Arnon Grunberg

Lowest point

Ingredient

Dexter Filkins in The New Yorker on moral imperatives, the US and killing journalists:

'Indeed, if there is any lesson to be learned from this terrible affair, it’s how blind so much of official Washington and the American press were to M.B.S.’s true nature. When the crown prince visited the United States earlier this year, he was fêted in Hollywood and Silicon Valley, on Wall Street, and, of course, by the Trump White House, as a messiah—in the mold of Gorbachev or Gandhi.'

(...)

'Yet the crisis caused by the murder of Jamal Khashoggi has brought Saudi-American relations to their lowest point in more than forty years. No cover story—about “rogues,” or an interrogation gone awry—is going to paper over the terrible fact that Khashoggi disappeared into the hands of a team of Saudi officials armed with a bone saw, and that he has not been seen, living or dead, since he walked through the door of the Saudi consulate in Istanbul.
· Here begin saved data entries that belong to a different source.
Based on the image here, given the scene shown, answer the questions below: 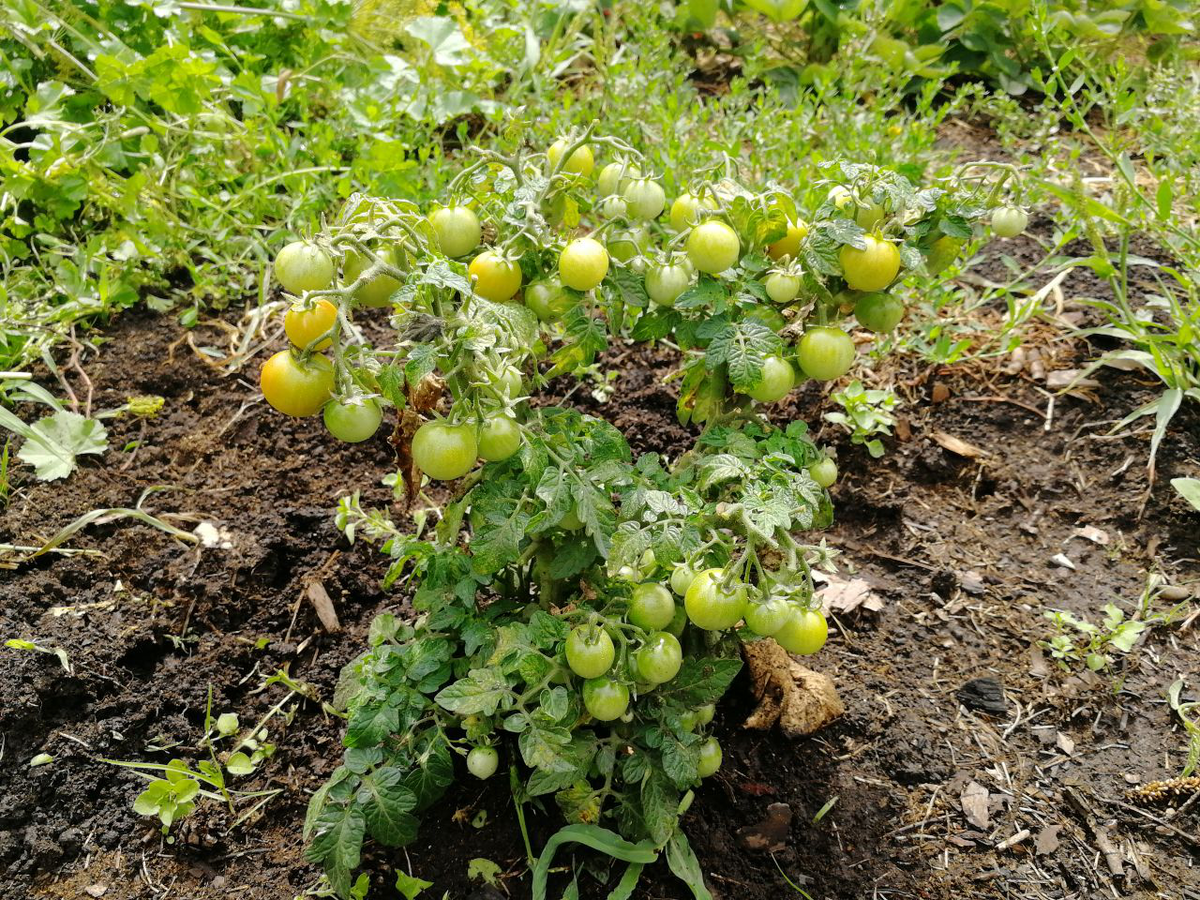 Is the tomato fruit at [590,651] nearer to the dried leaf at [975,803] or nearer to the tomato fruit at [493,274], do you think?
the tomato fruit at [493,274]

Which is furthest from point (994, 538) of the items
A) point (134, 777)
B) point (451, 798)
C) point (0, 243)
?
point (0, 243)

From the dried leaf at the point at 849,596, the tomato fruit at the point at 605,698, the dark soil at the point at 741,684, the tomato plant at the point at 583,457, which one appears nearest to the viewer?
the tomato plant at the point at 583,457

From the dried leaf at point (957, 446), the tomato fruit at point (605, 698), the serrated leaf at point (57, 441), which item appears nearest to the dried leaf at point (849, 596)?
the dried leaf at point (957, 446)

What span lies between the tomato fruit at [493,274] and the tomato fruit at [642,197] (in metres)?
0.23

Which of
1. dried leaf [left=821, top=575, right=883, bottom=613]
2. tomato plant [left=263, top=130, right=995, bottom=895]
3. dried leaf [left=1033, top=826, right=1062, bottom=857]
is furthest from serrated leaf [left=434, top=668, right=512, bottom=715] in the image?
dried leaf [left=1033, top=826, right=1062, bottom=857]

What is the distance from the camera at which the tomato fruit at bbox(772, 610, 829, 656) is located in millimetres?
1356

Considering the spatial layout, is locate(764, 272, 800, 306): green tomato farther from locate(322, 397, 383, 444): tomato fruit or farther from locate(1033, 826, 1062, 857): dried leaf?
locate(1033, 826, 1062, 857): dried leaf

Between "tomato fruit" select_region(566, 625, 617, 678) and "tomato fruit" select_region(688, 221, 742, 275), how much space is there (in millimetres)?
566

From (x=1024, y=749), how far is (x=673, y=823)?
0.82 m

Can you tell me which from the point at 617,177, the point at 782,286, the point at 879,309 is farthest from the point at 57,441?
the point at 879,309

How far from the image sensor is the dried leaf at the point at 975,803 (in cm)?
176

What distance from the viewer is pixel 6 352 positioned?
2588 mm

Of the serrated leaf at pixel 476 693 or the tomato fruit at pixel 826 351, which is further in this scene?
the tomato fruit at pixel 826 351

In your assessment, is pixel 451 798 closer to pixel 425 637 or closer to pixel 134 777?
pixel 425 637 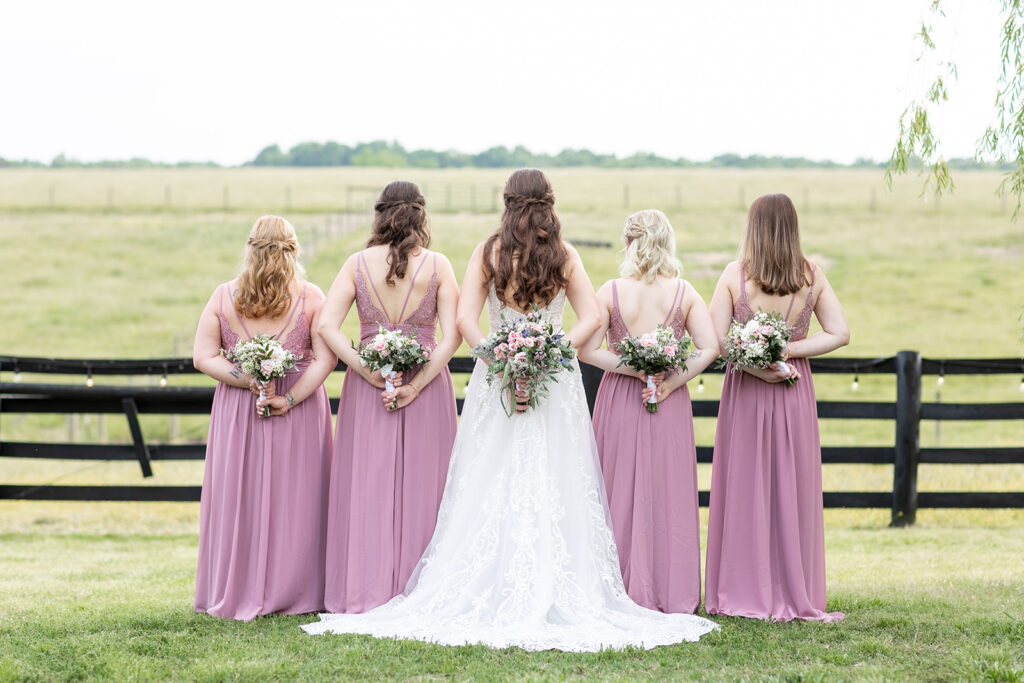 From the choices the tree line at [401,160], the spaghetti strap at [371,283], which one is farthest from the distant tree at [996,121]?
the tree line at [401,160]

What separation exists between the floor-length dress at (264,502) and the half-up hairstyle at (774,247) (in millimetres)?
2921

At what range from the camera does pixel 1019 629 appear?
5.58m

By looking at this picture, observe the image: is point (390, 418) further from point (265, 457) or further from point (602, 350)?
point (602, 350)

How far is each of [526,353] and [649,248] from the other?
3.78 feet

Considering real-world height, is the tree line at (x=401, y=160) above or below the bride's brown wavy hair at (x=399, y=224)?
above

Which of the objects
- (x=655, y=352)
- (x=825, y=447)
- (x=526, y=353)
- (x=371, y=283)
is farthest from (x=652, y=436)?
(x=825, y=447)

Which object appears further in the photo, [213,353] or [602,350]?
[213,353]

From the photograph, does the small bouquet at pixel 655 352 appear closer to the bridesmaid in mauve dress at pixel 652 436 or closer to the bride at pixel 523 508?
the bridesmaid in mauve dress at pixel 652 436

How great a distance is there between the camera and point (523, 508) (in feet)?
19.1

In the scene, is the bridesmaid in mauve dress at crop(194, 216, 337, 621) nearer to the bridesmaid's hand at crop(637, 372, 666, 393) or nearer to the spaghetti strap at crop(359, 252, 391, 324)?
the spaghetti strap at crop(359, 252, 391, 324)

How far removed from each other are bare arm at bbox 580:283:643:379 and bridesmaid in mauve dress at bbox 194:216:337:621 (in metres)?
1.68

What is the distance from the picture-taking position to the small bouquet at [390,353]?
19.4 feet

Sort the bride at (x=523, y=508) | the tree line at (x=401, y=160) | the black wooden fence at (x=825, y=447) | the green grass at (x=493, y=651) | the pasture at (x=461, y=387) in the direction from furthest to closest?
the tree line at (x=401, y=160) → the black wooden fence at (x=825, y=447) → the bride at (x=523, y=508) → the pasture at (x=461, y=387) → the green grass at (x=493, y=651)

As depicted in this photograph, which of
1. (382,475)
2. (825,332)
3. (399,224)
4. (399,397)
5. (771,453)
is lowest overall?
(382,475) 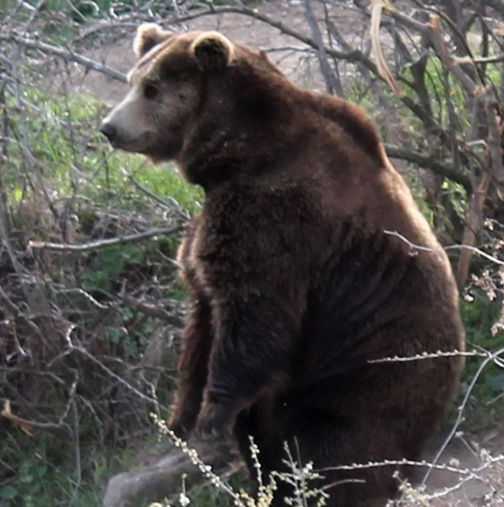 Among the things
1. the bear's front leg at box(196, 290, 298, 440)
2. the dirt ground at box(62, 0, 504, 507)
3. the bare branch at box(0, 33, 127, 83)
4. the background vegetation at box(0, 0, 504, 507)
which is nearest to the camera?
the bear's front leg at box(196, 290, 298, 440)

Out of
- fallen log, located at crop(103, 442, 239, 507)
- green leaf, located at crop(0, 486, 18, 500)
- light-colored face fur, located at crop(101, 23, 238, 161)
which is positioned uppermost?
light-colored face fur, located at crop(101, 23, 238, 161)

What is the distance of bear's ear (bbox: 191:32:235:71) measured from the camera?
4938 millimetres

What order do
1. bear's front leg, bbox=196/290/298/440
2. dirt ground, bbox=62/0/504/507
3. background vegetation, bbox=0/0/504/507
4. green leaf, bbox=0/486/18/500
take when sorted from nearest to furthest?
bear's front leg, bbox=196/290/298/440
dirt ground, bbox=62/0/504/507
background vegetation, bbox=0/0/504/507
green leaf, bbox=0/486/18/500

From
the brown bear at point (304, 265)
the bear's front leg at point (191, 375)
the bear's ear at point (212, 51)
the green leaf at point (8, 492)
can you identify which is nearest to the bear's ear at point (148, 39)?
the brown bear at point (304, 265)

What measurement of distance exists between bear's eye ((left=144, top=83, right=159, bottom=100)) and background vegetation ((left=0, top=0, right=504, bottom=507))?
105 cm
No American who values a free press should forget Khashoggi’s murder—or let Prince Mohammed bin Salman forget it, either.'

Read the article here.

Very much so.

But two small remarks: we, the press, the people, we have been blind to the "true nature" of quite a few leaders, and there is no reason to believe that many things have changed.

I'm afraid that one of the main ingredients of realpolitik is forgetfulness.

The distinction between realpolitik and the politics of cynicism is not always clear, but forgetfulness it will be. It's rare that a prince pays for his crimes, and it's even more exceptional that a prince from Saudi-Arabia pays for his crimes.

But thanks to Turkey - speaking of freedom of press - neither Trump nor MBS have been able to bury Khashoggi completely.